Gewählt und jetzt?
Gestern war ein schwerer Wahlsonntag. Die SPD hat eine bittere Niederlage im Bund und hier vor Ort erlitten. Vor Ort haben wir mit unserem Kandidaten Ingo Schäfer einen leidenschaftlichen und frischen Wahlkampf geführt. Viele Helferinnen und Helfer haben Ingo seit seiner Nominierung begleitet und unterstützt. Dafür gilt ihm und allen, die dabei waren, großer Dank und Anerkennung.
In Berlin ist die Große Koalition zurecht abgewählt worden, eine solche Koalition sollte in unserem Land nur die Ausnahme bleiben, denn die Debattenkultur hat darunter gelitten. So sehr, dass es viele Wählerinnen und Wähler aus Protest aus der Mitte an den rechten Rand gedrängt hat. Sie hatten keinen Bock mehr – auf Stillstand und zu wenig kritische Stimmen. Es ist richtig, dass die SPD die Konsequenzen ziehen wird und die Opposition im Bund anführt. Denn in unserer freiheitlich demokratischen Grundordnung gehört eine funktionierende Opposition genauso als Bestandteil dazu wie eine stabile Regierung. Ich mag mir nicht vorstellen, welches Bild es gegeben hätte, wenn auf die Bundesregierung als erstes die Rechten im Bundestag das Wort ergriffen hätten.

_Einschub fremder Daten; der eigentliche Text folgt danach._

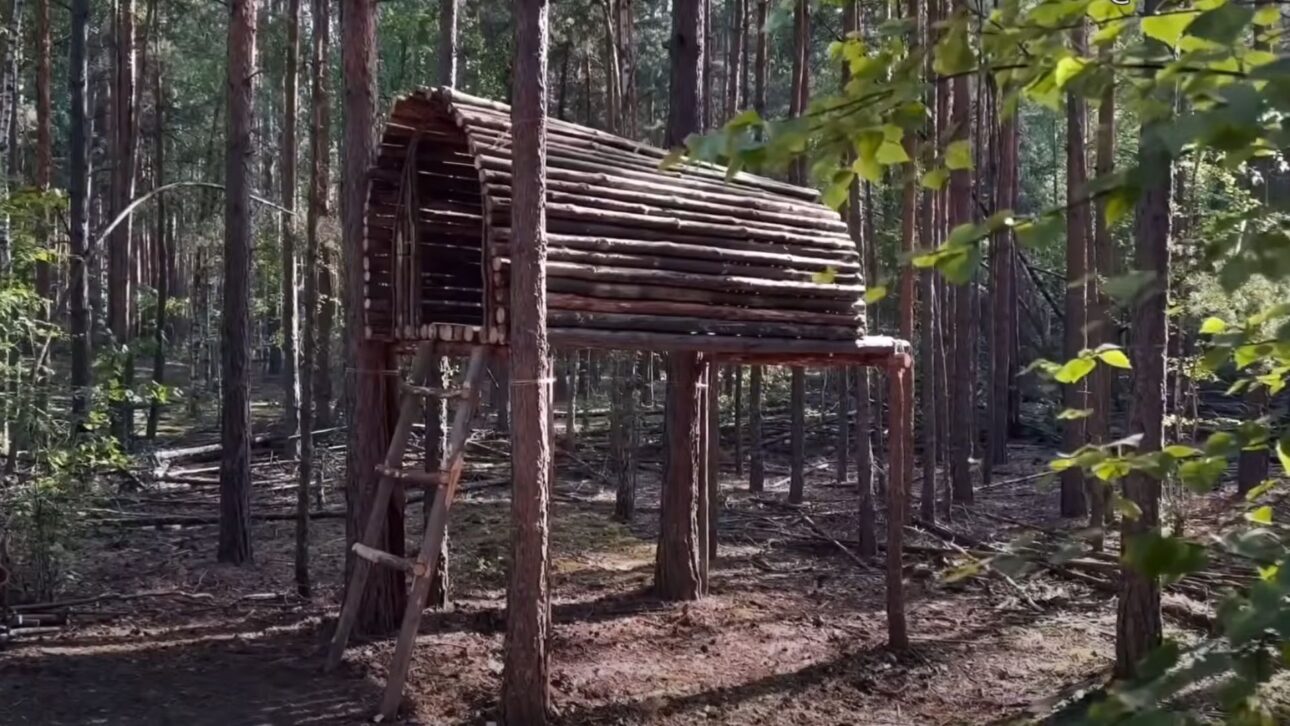 Abrigo elevado a 2 metros do solo usa troncos e madeira leve, sem parafusos, fixado em árvores, com conforto térmico e baixo impacto ambiental.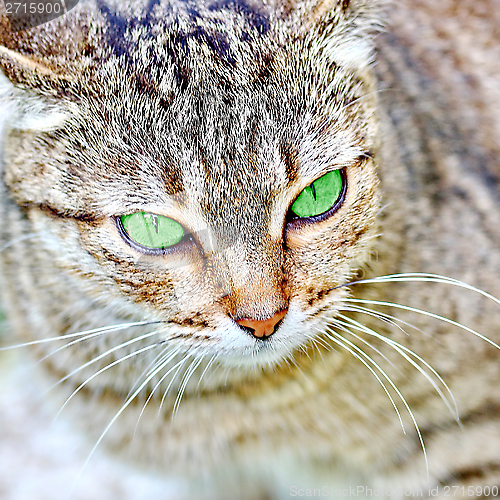 Image of  Striped cat with green eyes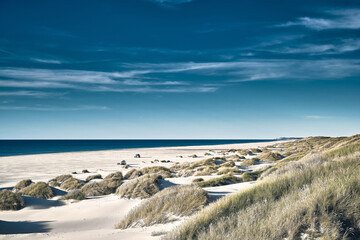 Fototapeta na wymiar White beach in Denmark. High quality photo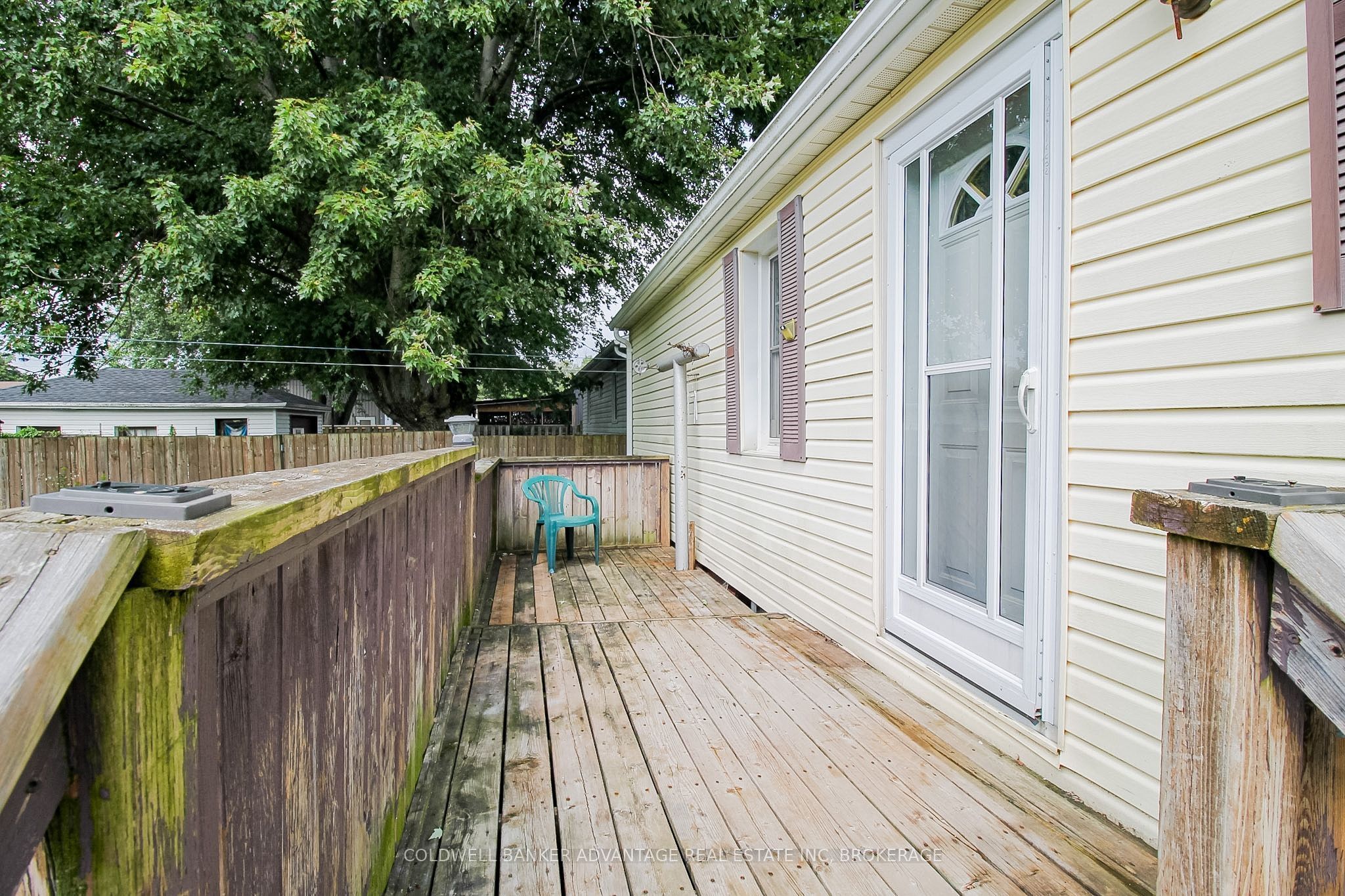 28 Marshall Avenue Property Photo 30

Ein deutliches Signal aller Demokraten ist es, dass wir nun gemeinsam verhindern werden, den Grundkonsens unseres Landes 72 Jahre nach Ende der Naziherrschaft aufzugeben. Dieser Konsens besagt: wir werden die Gräueltaten und Toten nicht vergessen und es nicht zulassen, dass Rechte die Geschichte unseres Landes glattbügeln wollen. In Deutschland haben nationalistische und völkische Gedanken auch weiter keine Mehrheit. Denn wir sind Demokraten in einem gemeinsamen Europa. Dafür zu kämpfen und zu werben wird die wichtigste Aufgabe in der neuen Wahlperiode des Bundestages sein.
Ich wünsche den neu- und wiedergewählten Kolleginnen und Kollegen im Deutschen Bundestag nun viel Kraft und Erfolg bei der wichtigen Aufgabe eines Neuanfangs. In der SPD insgesamt werden wir mit den vielen Menschen, die seit Beginn des Jahres ihre politische Heimat in der SPD gefunden haben, diesen Aufbruch gemeinsam meistern. Vielleicht gelingt dies leichter, denn nun sind wir von der Notwendigkeit befreit, die Kompromisse in Berlin zu vertreten und zu verteidigen. Die trotzdem häufig nur eins waren: Kompromisse.
Ich wünsche mir jetzt mehr Debatte und Diskurs über die Bundespolitik. Denn es gibt viele Fragen, auf die ich in den letzten Wochen angesprochen wurde: Rente, Löhne, Mieten. Darauf müssen wir in leidenschaftlichen Debatten Antworten finden. Und die dürfen und sollen zwischen den großen Strömungen unseres Landes auch mal unterschiedlich ausfallen.